Seems resonable for 7.5 times more cores and better coalesced read/writes.

BUT: I just found out, memory access is 7GB/s on the older one and 110GB/s on the new one.
Now I would like to know what part of the speed-up is done by the faster gloabal memory access and what by the increase of cores.

If I could restrict the GTX280 to use only 32 cores I could get a figure!

Any ideas how to do this… or to solve my problem otherwise?

Thanks and Cheers,

Change the memory and/or core frequencies. That is, if it works for you without crashing (for me it only works with versions before (I think) CUDA 2.0 beta 2).

Gracias for the tip, Reimar…

Any tool you would recommend for the job?



Uh. Just the applications nvidia has for that purpose? E.g. the control panel (well, the thing that replaced it nowadays) on Windows, nvidia-settings on Linux (maybe you still have to set the CoolBits option in the xorg.conf) or the non-NVidia nvclock, that one might work without an X server running, though I never tried.

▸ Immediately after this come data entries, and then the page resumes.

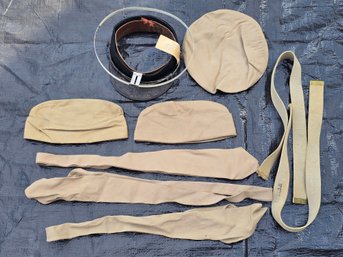Vintage USMC US Marines Khaki Uniform Accessories Lot Garrison Caps Neckties Web Belt 1950s Korean War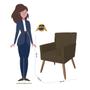 Imagem de Poltrona Cadeira Decorativa Estofada Para Salão de Beleza Onix Corano Marrom - LM DECOR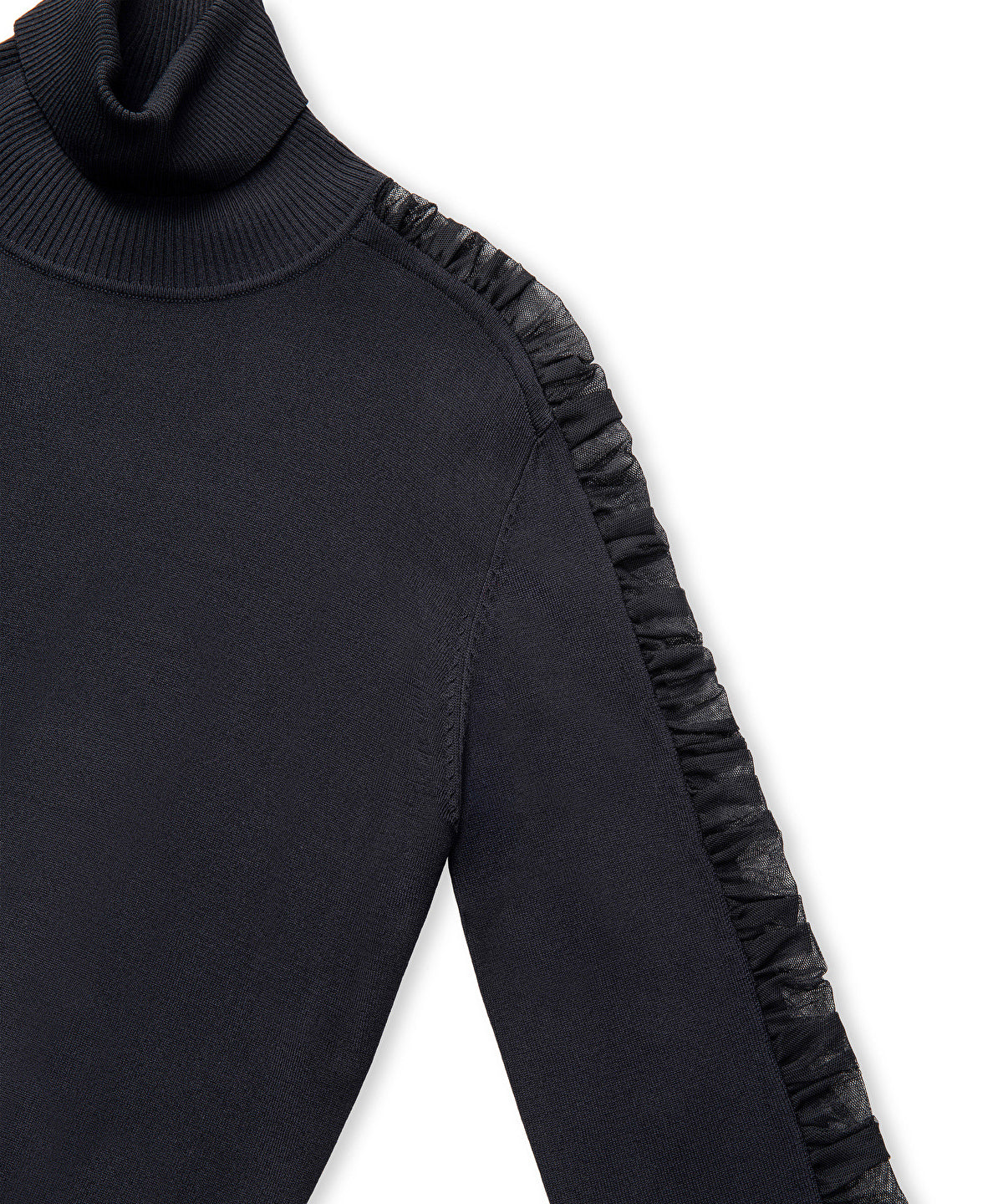 Zoomed Draped Tulle-Sleeve Knit Top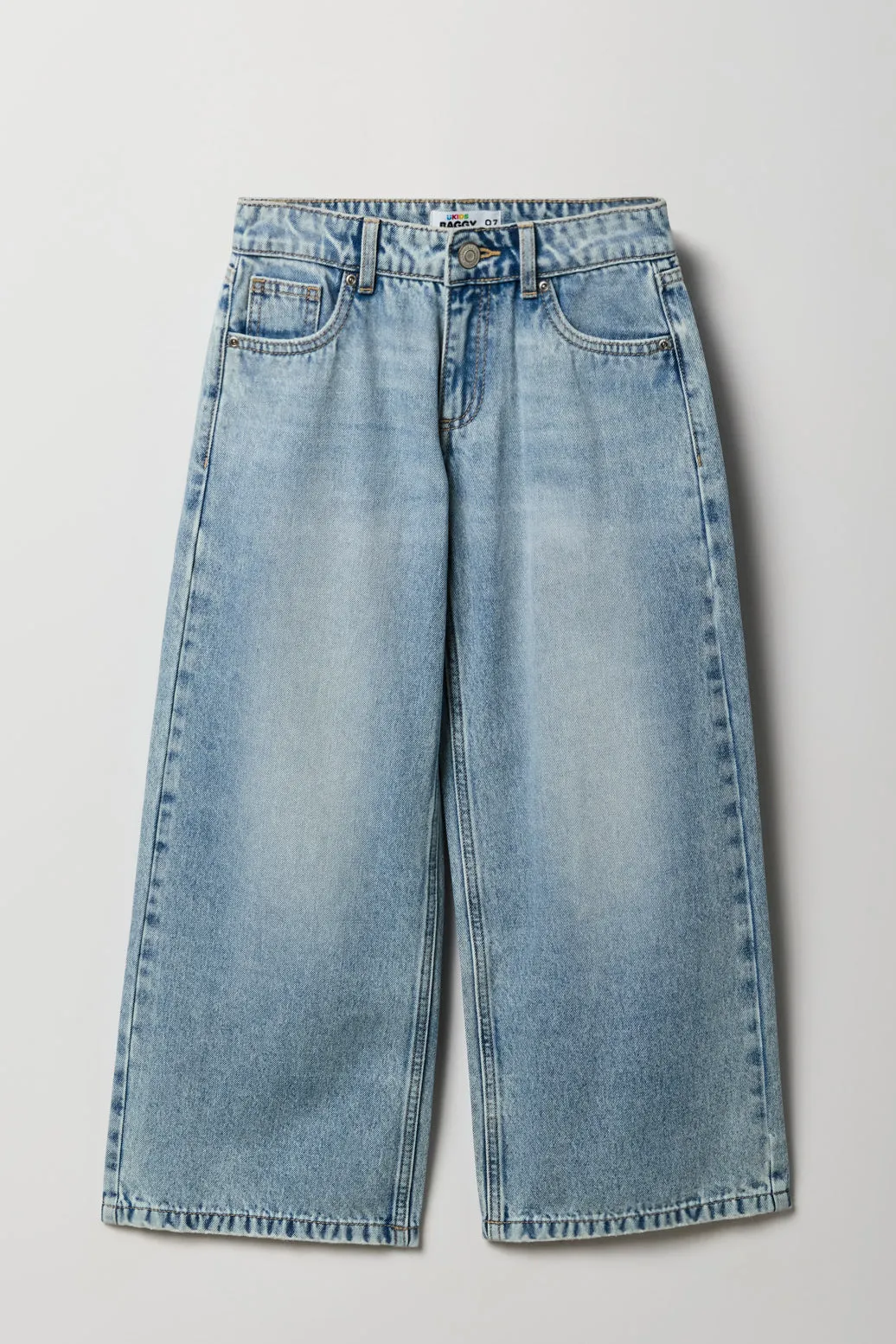 Jean rigide baggy à jambe large pour filles sold by Urban Planet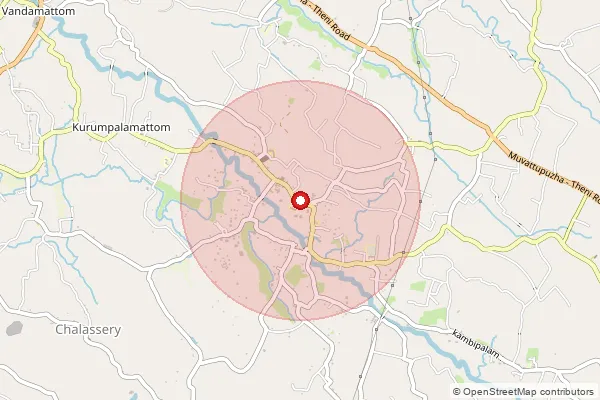 Map showing approximate area covered by Pincode 685581 — Mulappuram Bo, Idukki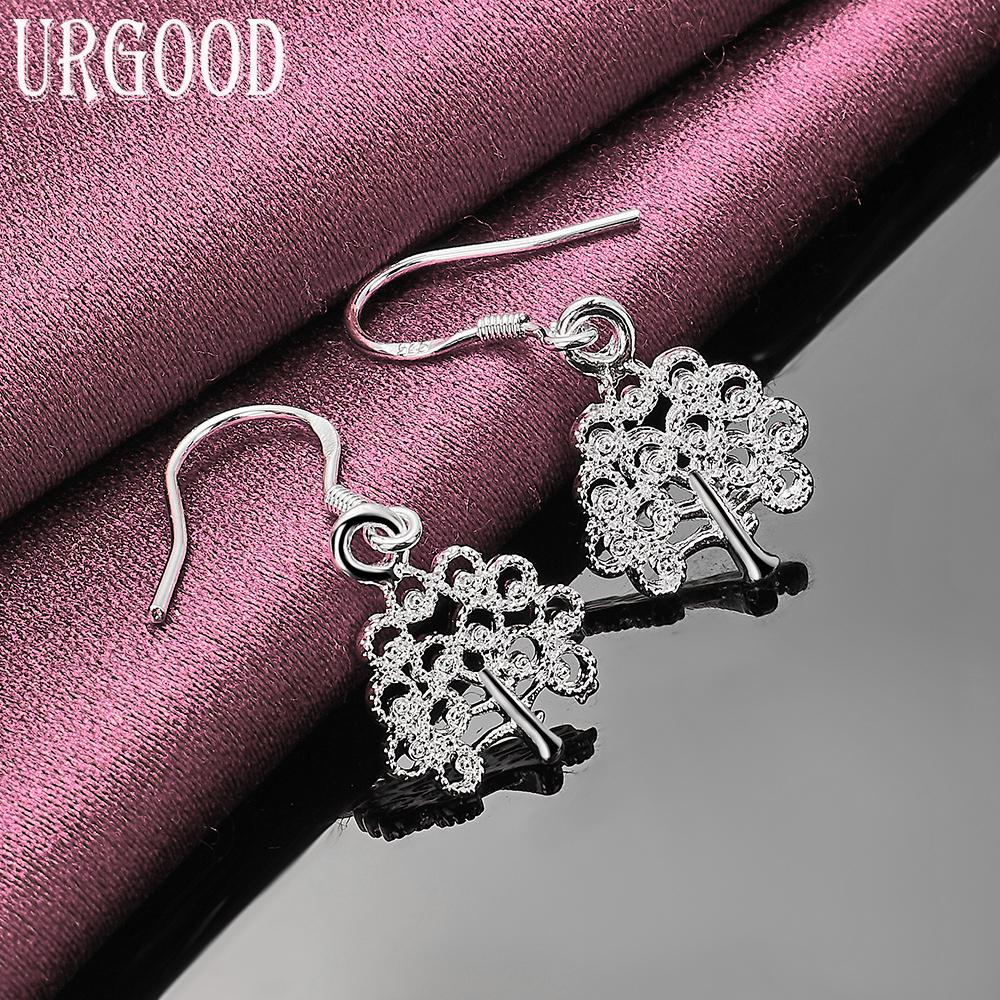 925 Sterling Silver Tree Pendant Earrings Wedding Jewelry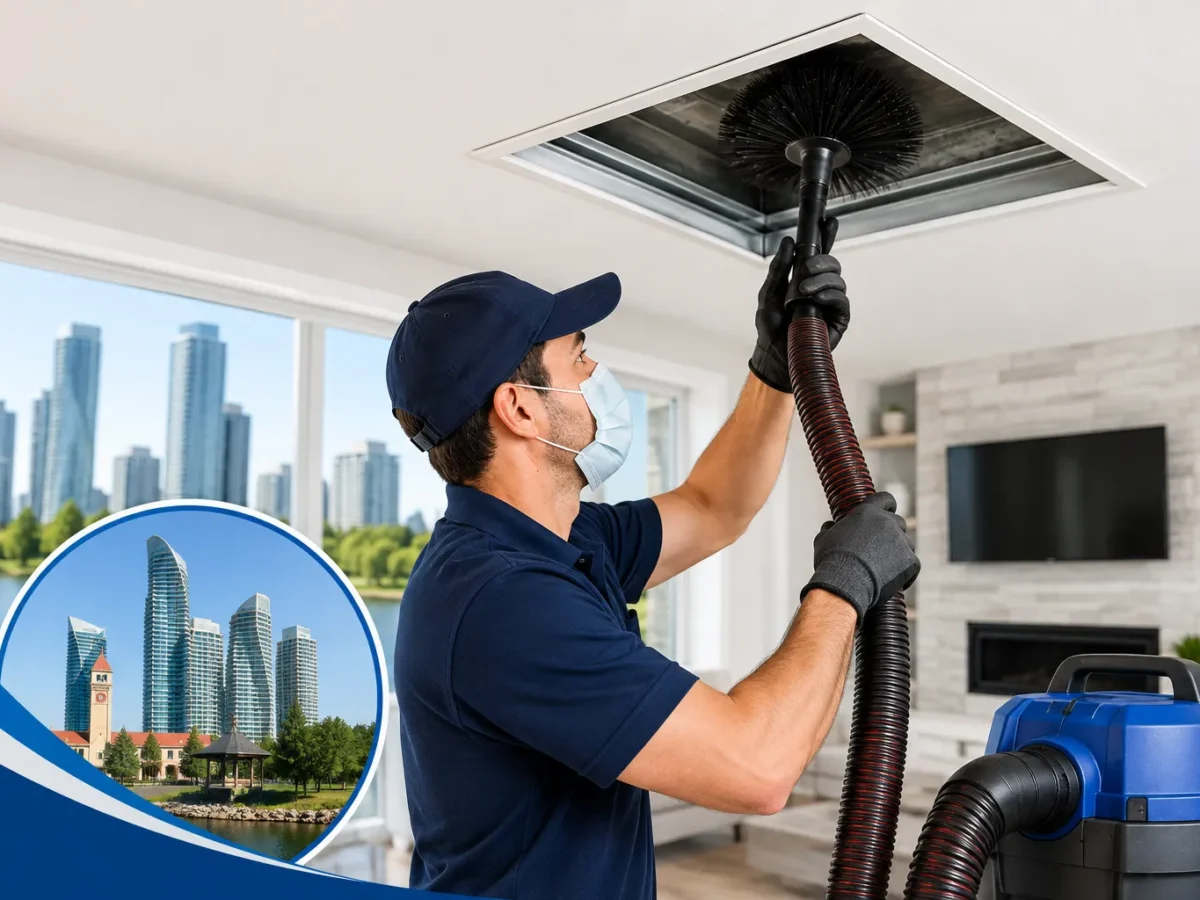 Professional duct cleaning technician serving a home in Mississauga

The simplest (and only) way to disable cores on a GTX 280 is to run on GTX 260 ;) But then, that has lower memory bandwidth, too… And probably for a reason (see discussion below)

I hate to say it, but even if you could disable MPs, I doubt that you would get the information you want. The hardware is most certainly designed to distribute that 110 GiB/s of bandwidth among all the MPs. There is probably no way that a fewer number of MPs could sustain the same bandwidth.

A different (not necessarily better) way to test if you are compute or memory bound is to also count the number of GFLOP/s that your kernel does. If you get ~40 GFLOP/s and 110 GiB/s, then you are most certainly memory bound. But, if you were to get, say ~500 GFLOP/s and 1 GiB/s, then you are probably compute bound. With ~500 GFLOP/s and 110 GiB/s, you have the perfect mix for the GPU: great!

Anyways, just from seeing the 110 GiB/s on the GTX 280 I would guess with 99% certainty that your kernel is memory bound.

You miscalculated the 8600GT’s bandwidth by half (theoretical is >22GB/s). NVIDIA GPUs retain the same balance between comps and memory bandwidth across performance levels, which is why using a card like an 8600GT still lets you easily project performance to a higher-spec’d card, as you have discovered.

Dear Alex,

thanks for your helpful reply!

Actually I did not “calculate” the bandwidth but just started the “bandwidthTest.exe” from the CUDA SDK.

I am using a passively cooled card, maybe that might make the difference to the “normal” 8600GT specs?

Best regards,


Passively cooled cards shouldn’t have their memory underclocked so much. Strange. On my 8600GT, btw, I get 15.5 GB/s device-to-device.